PULSEhigh3.LOWBYTE=TMR1L '
if PULSEhigh3 > MaxPulse then
MaxPulse = PULSEhigh3 ' Capture longest pulse.
endif
gosub Cleartimer ' Reset Timer1 register (TMR1L, TMR1H).

WHILE SIGNALINPUT = 0 ' Waiting for rising edge.
WEND
T1ON=1 ' Start Pulse Timer tmr1.
WHILE SIGNALINPUT = 1 ' Wait for next falling edge.
WEND

T1ON = 0 ' Stop timer.
Events = 4 '
PULSEhigh4.HIGHBYTE=TMR1H ' Store results.
PULSEhigh4.LOWBYTE=TMR1L '
if PULSEhigh4 > MaxPulse then
MaxPulse = PULSEhigh4 ' Capture longest pulse.
endif
gosub Cleartimer ' Reset Timer1 register (TMR1L, TMR1H).
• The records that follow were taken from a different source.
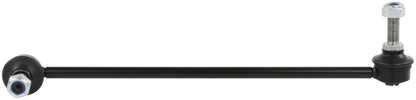 Delphi Suspension Stabilizer Bar Link Kit TC1040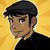 :iconhawkstudios: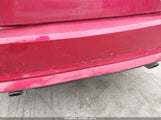 FORD FUSION SEL 3FAHP0JG5BR147840 снимка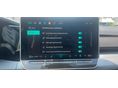 VOLKSWAGEN GOLF VIII 2025/7 - 7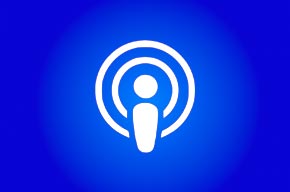 Podcasts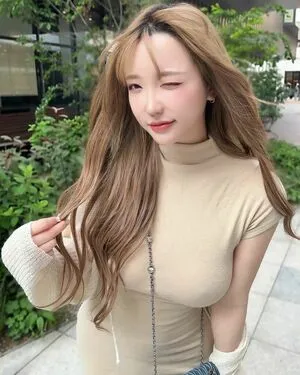 Son Ye Eun OnlyFans Leaked Free Thumbnail Picture - #qbiOV5Lh8v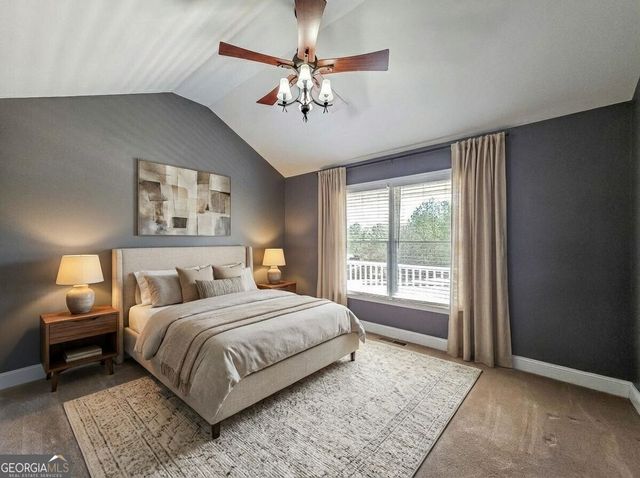 165 Horseshoe Bend, Jasper, GA 30143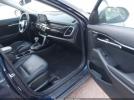Kia Seltos Ex Image 3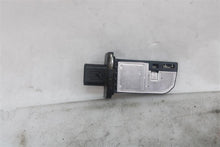Load image into Gallery viewer, Mass Air Flow Sensor Meter MAF Evoque LR2 12 13 14 15 16 17 - 1288276
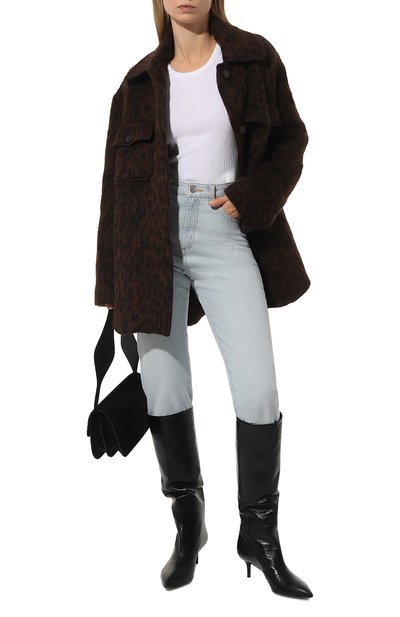 Джинсы HUGO, арт. 50510649, фото 2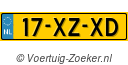 17XZXD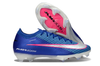 NIKE MERCURIAL AIRZOOM VAPOR 17 ELITE CAMPO (PRONTA ENTREGA)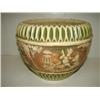 Image 2 : ROSEVILLE DONATELLO JARDINIERE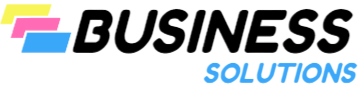 Business Solutions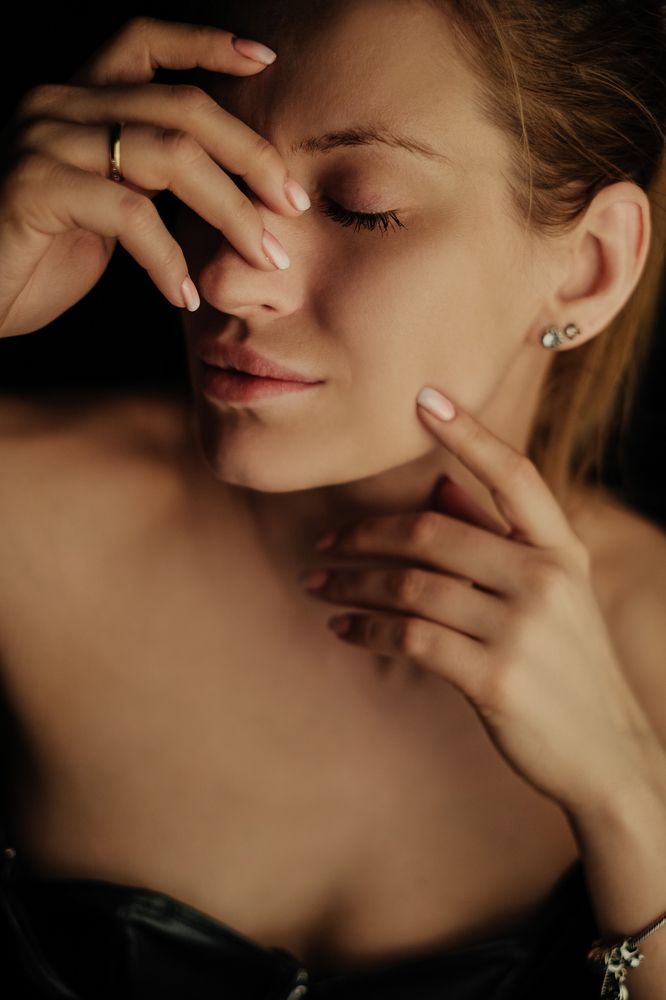 Photograph by Ксения Спариш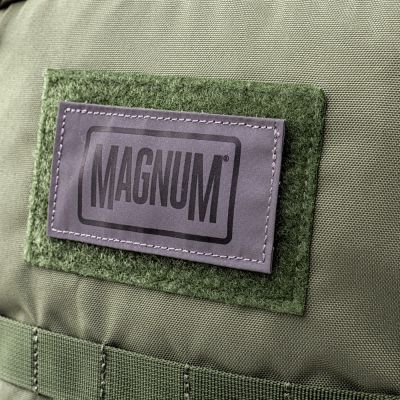 14. Plecak Magnum Urbantask 37 92800538541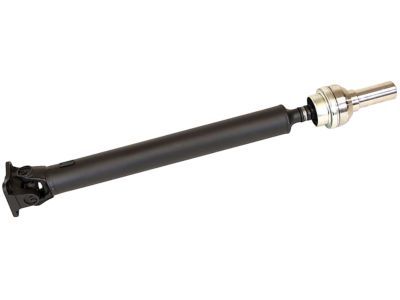 Mopar 52123199AB Front Drive Shaft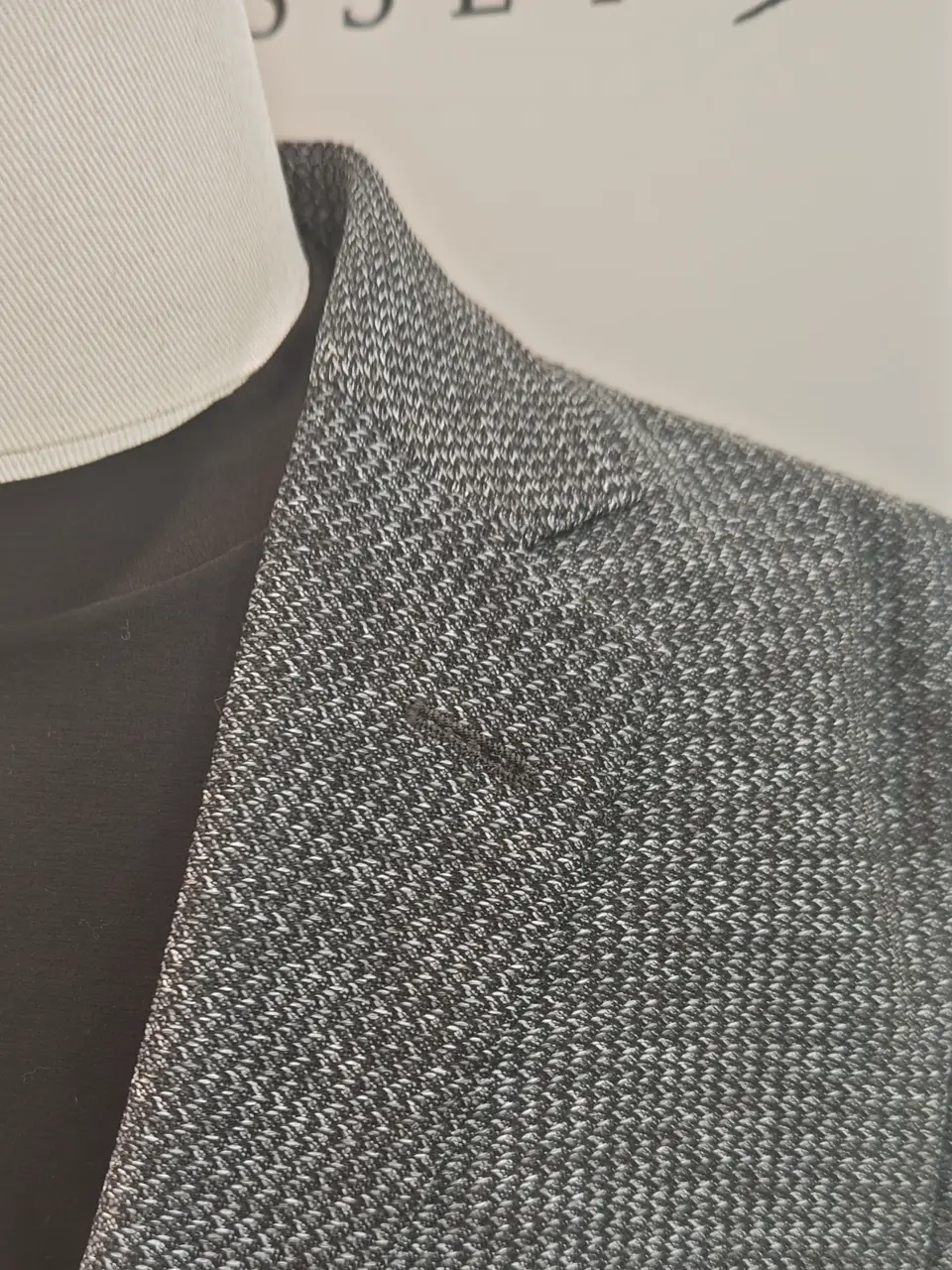 ONWARD CROSSET SELECT 千代延 コーディネート画像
WHILE SIGNALINPUT = 0 ' Waiting for rising edge.
WEND
T1ON=1 ' Start Pulse Timer tmr1.
WHILE SIGNALINPUT = 1 ' Wait for next falling edge.
WEND

T1ON = 0 ' Stop timer.
Events = 5 '
PULSEhigh5.HIGHBYTE=TMR1H ' Store results.
PULSEhigh5.LOWBYTE=TMR1L '
if PULSEhigh5 > MaxPulse then
MaxPulse = PULSEhigh5 ' Capture longest pulse.
endif
gosub Cleartimer ' Reset Timer1 register (TMR1L, TMR1H).
wend

sumpulsehigh = pulsehigh1 + pulsehigh2 + pulsehigh3 + pulsehigh4 + pulsehigh5
dummy = MaxPulse*100 ' Perform the multiply ready for Div32.
DutyCycle = div32 DC100 ' Calculate wrt stored value.

' ### NB debug affected by interrupts!
'debug "Pol ",sign,", MaxPulse ",dec4 MaxPulse,"us, Events ",#Events,13
LCDOUT $FE,2,0," Inj ",dec4 maxpulse,"us Max" ' Write LCD line 1.
goto ShowMore ' Jump GetLows.

'================================================= ================================================== ============
GetLows: ' Measure low pulses
while Signalinput = 1 ' Waiting for falling edge.
Wend
' Start timers - a falling edge has been detected to get here.
@ INT_ENABLE TMR0_INT ; Enable Tmr0 interrupts for 5ms window.
Window = 1 ' Open the pulse count window.
while Window = 1 ' ### is the first line needed?
T1ON = 1 ' Start timer1.
WHILE SIGNALINPUT = 0 ' Wait for next rising edge.
WEND

T1ON = 0 ' Stop Timer.
Events = 1 '
PULSElow1.HIGHBYTE = TMR1H ' Store result.
PULSElow1.LOWBYTE = TMR1L '
if PULSElow1 > MaxPulse then
MaxPulse = PULSElow1 ' Capture longest pulse.
endif
gosub Cleartimer ' Reset Timer1 register (TMR1L, TMR1H).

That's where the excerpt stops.